He opens the door (wrist as smooth as the lock) while the woman who is probably Hermione is talking: "...No, no, I didn't tell him I was getting you. I don't want to shock him any more than I already have."
A man's voice, hoarse and low, murmurs, "Too late."
The corridor is a riot of lights and sounds and new shapes and colors, brighter and louder and more than the bedroom, but he braces himself, wills himself to stand it. Sirius looks down the bright hallway at the figures in the foyer—Hermione with a drippy woolen muffler, a man with graying hair and a patched and shabby cloak looking at him, a man with brown eyes and a lined face looking at him—
"Moony?" Sirius says, and his own dry voice jars him, his own want, the core-deep shock at seeing a face (so old) that he knows, not just knows but believes in.
Remus (Remus, Remus) holds out a hand still encased in a fraying glove, never breaking eye contact. "It's all right," he says awkwardly after a heartbeat or two. "I'm here."
And it's real. Sirius launches himself at Remus (Remus!) and clings, because this is familiar and this is a memory and this is something from Before. Remus is Before and Remus is Then and Remus is Now, an unbroken thread that Sirius could confidently grasp. "Get me out of here," Sirius whispers, and rubs his face into the bescarfed neck, the soft fleece and a bit of tender skin.

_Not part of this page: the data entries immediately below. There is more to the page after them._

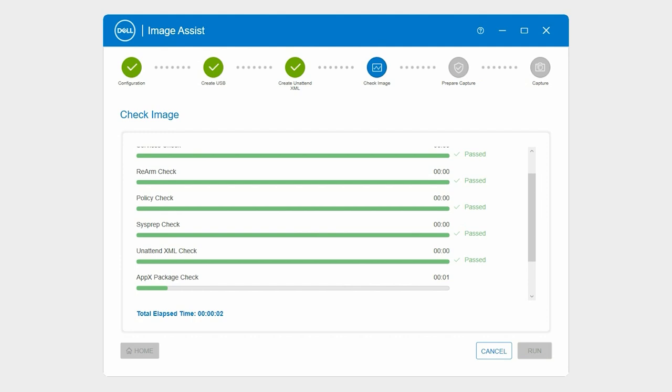The unattend XML file is created, and the image is checked for common build errors. If failure errors are detected during the check image process, click the corresponding failed link and review the issue description.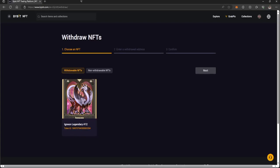Hello, I'm going to give you a tutorial on how to withdraw your MOGA NFT from Bybit.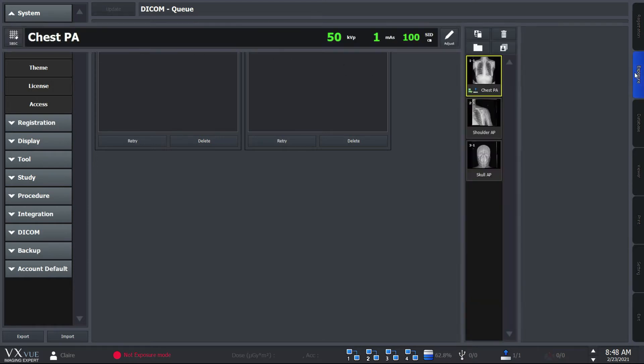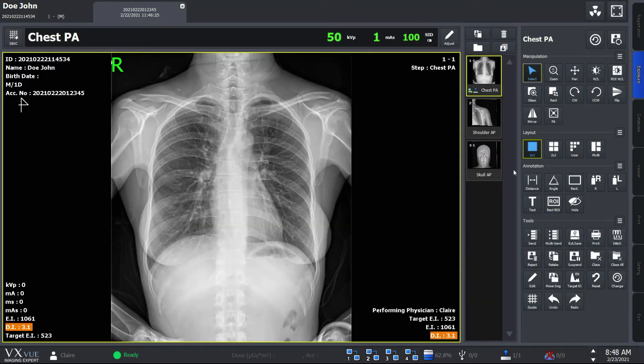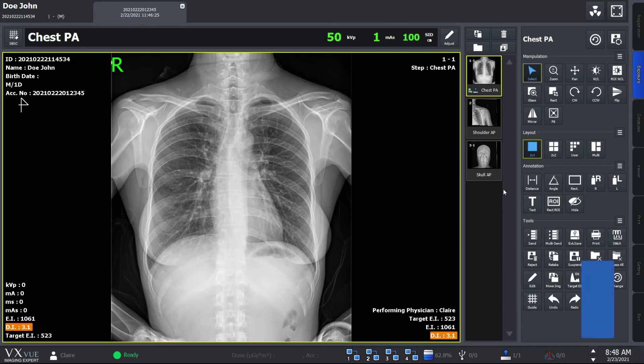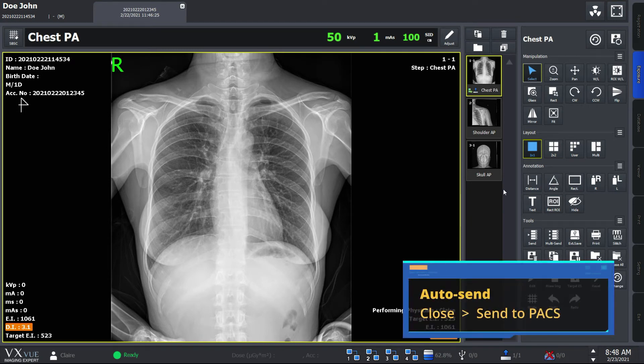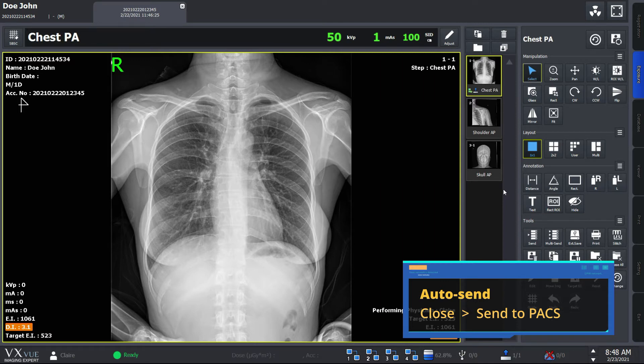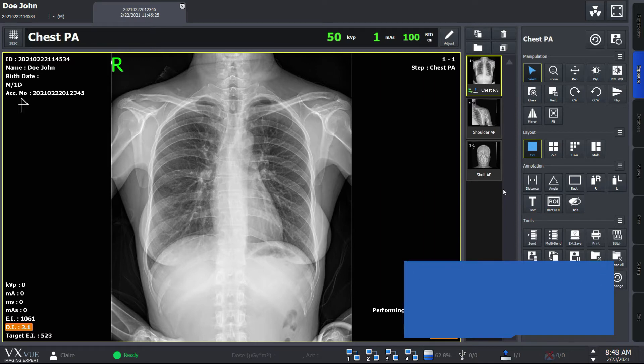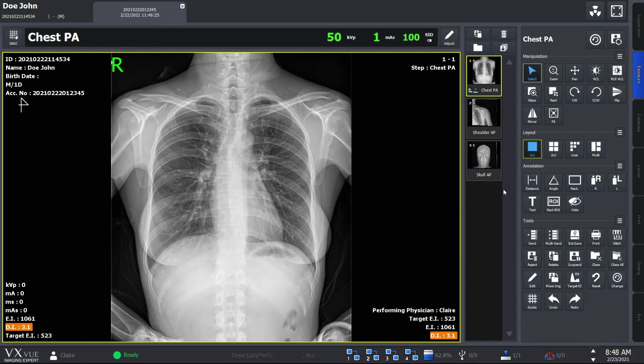For your information, to make the whole process more simplified, VXView offers AutoSend function. AutoSend function automatically sends the image to PACS when you close the image.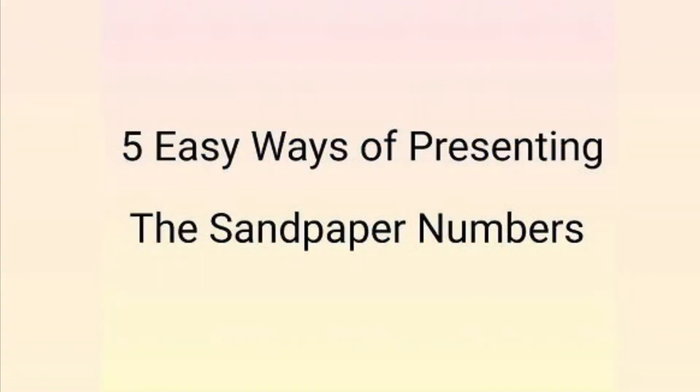Hello, welcome to my YouTube channel. Today I am going to show you five easy ways of presenting the sandpaper numbers.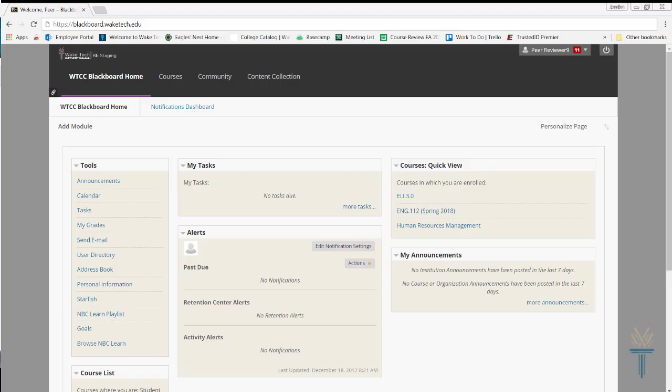If you need to adjust Blackboard's text size or color contrast, or if you'd like to change your course's notification settings, the Global Navigation menu offers several options to suit your needs.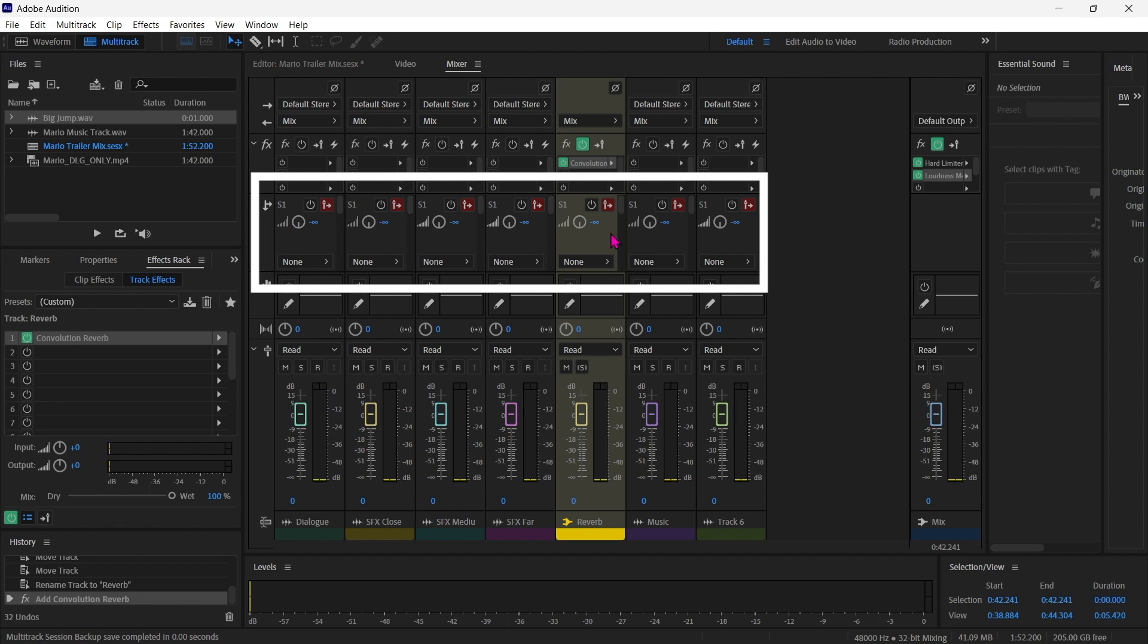And what this lets us do is send some signal to another bus track while also sending the main signal to the mix track. So we've got all of the signal heading to the mix track, but we can also send some of that signal as well to this track and apply a bit of reverb to it.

Remus's arms automatically hold him, brace him, not in the way Sirius remembers (imaged) from Before, but good enough for now. Now. Remus is very Now: familiar as memory, but he smells day-old and his jaw is stubbled and his jumper is worn very thin at the elbows. He's as warm and solid as Sirius himself and that's a kind of comfort on its own.
Remus and Hermione speak softly over Sirius's shoulder, and Sirius pays more attention to the sliding timbre of sounds and the adam's-apple buzz by his ear than the words, at least until he hears Hermione say "...tell Harry?"
"Harry?" Sirius lets go of Remus and looks around for a moment, but no, Harry isn't there. And Sirius is happy about that in a selfish little way, because he doesn't think he can handle Harry right now, doesn't know what he'd say, doesn't want to be seen like this (so new). He looks at Hermione and Remus, questioning.
"Let's wait a couple days," Remus says firmly and calmly. The crack in his composure has sealed over tightly and he's calm again, the brisk professor. "Until we're sure that everything is...all right."
Sure that I'm sane? Sirius thinks. Sure that I'm the same? He isn't willing to swear to either one at the moment himself.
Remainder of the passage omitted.